You drive back from the mighty DFW Metrosprawl and get to the Compound a little after noon, and what do you see? A veritable river heading down to the street by the side of the house. What? Is the AC exhaust going turbo, is there some kind of mains leak? 




Good questions, so you exfil the rig to have a recce. Sure enough, water is bubbling up outta the ground, right where the boys installed a couple of clean outs. You stare at this, entranced by the cool water flowing up to water the earth. How beautiful, but this isn't some blessed, newfound aquifer, no, it's an aquatic disaster. Just picture, if you will, the mains meter spinning out of control, as if USGOV debt. 




Problem. Solution? A neighbor drives up in his lifted Chevy, "What's up, man?" and you point to the watery adversary. He takes this in, a plumber, and says, "I'll dig that up and fix it. First I'll turn off the water at the mains with my cut off," which he did.
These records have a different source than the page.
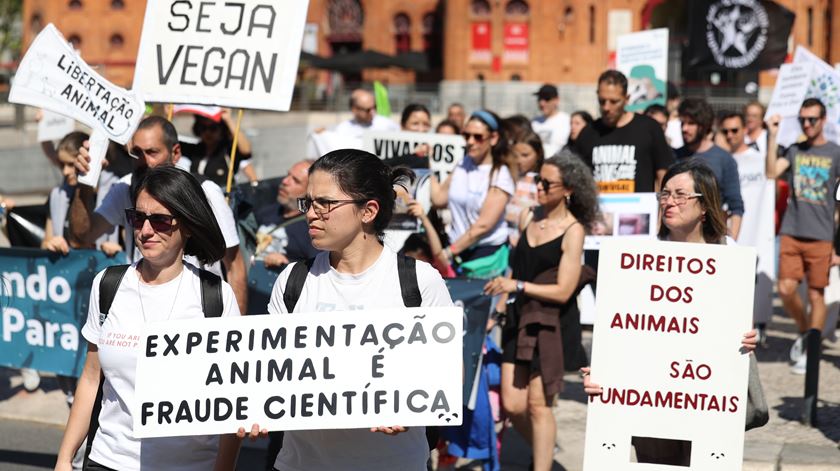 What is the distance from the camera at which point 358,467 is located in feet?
13.1

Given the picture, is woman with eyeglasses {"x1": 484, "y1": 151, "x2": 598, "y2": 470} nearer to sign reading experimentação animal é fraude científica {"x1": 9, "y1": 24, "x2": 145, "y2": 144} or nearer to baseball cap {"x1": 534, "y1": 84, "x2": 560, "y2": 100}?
sign reading experimentação animal é fraude científica {"x1": 9, "y1": 24, "x2": 145, "y2": 144}

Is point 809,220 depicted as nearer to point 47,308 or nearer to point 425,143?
point 425,143

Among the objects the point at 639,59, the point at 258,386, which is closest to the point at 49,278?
the point at 258,386

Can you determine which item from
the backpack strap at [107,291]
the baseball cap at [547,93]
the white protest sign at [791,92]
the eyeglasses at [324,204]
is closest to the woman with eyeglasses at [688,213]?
the eyeglasses at [324,204]

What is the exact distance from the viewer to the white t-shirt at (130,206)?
5.92m

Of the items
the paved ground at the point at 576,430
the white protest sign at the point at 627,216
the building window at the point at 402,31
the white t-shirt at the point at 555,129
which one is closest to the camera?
the paved ground at the point at 576,430

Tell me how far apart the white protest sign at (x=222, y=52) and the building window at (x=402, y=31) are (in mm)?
57987

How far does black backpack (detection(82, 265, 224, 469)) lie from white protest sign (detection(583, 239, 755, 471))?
59.7 inches

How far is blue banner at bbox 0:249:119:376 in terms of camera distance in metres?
7.30

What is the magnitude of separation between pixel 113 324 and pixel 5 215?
5053mm

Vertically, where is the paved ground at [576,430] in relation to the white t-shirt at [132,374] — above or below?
below

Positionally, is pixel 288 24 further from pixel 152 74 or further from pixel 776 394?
pixel 776 394

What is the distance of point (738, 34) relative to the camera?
1393 cm

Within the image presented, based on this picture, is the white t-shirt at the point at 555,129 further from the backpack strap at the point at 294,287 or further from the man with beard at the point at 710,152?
the backpack strap at the point at 294,287
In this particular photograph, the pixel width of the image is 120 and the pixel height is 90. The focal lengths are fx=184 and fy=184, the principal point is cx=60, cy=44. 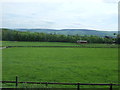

Some 30 or 40 minutes later we'd located a burst pipe, hose attached to PVC and split at the joint, and D produced some relevant SHARK BITE fittings, right sized PVC tube, and fixed the line. Utter disaster averted, and I asked, "How much do we owe you?" He replied, "Nothing." I shook his hand, "Appreciate you, brother," and that I do; you'll be glad to know I let him park his rigs in the church car park, gratis.




At the time of writing, this line holds. And there is a moral in this short story of country life in Texas, if you care to draw it.